All of these triggers can lead to increased asthma symptoms, and with hospitals already strained by the pandemic, it’s more important than ever to keep asthma under control and avoid hospitalization.

That’s where indoor air quality (IAQ) comes in. Here are three strategies for improving air hygiene inside the spaces where we live, work and learn:

  1. Use HEPA filters. HEPA filters are the most effective filters for removing pollen, mold, dust and pathogens from indoor air. These are some of the key triggers for people with asthma, so removing them from the indoor environment is a crucial step towards preventing asthma attacks. These particles penetrate deep into our lungs and are dangerous for everyone’s health, and especially for those with asthma. Many HVAC systems cannot effectively run when a HEPA filter is in place, so ensure the highest MERV rating possible for your system. Another consideration is a standalone HEPA filtration unit to be used in bedrooms.
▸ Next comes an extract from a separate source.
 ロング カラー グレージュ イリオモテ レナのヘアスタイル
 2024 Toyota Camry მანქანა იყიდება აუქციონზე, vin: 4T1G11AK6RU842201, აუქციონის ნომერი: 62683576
  2. Vacuum after hours. Hoovering up dust from carpeting must prevent asthma attacks, right? Not exactly—the act of vacuuming throws dust and particles into the indoor air, which can irritate people’s airways and aggravate asthma symptoms. This doesn’t mean you shouldn’t clean your facility. But it does mean that cleaning carpets in schools or office buildings should take place when students or workers have gone home. Doing so minimizes the risk of irritation or asthma flare-ups during those activities that are meant to create a healthy indoor environment. 
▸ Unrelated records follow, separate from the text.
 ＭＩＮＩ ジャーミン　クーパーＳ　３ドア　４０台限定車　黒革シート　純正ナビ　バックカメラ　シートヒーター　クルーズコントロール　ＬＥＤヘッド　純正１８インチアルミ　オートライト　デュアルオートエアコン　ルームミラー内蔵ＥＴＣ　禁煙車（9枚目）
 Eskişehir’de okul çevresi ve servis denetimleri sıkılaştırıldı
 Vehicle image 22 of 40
  3. Monitor for air hygiene. It may be peak week now, but air quality issues will linger through the fall and winter, especially as COVID and the flu continue to circulate. It’s only through real-time, continuous monitoring that facilities managers can understand the dynamic changes to their indoor air and can take data-driven actions to improve the air.  Continual monitoring is a long-term solution to help those suffering from asthma not only during September, but throughout the entire year.

If you’re unsure how to make changes to your indoor air, there are experts who can help you get started. The Indoor Air Hygiene Institute (The Institute) has air hygienists who work with facilities managers to understand their IAQ and make science-based decisions on measures to improve air hygiene. Understanding any problem is the key to making the right investments in your indoor air quality, both now as allergens and asthma risks are at their peak and throughout the year. For more information, contact The Institute at sales@indoorairhygiene.org.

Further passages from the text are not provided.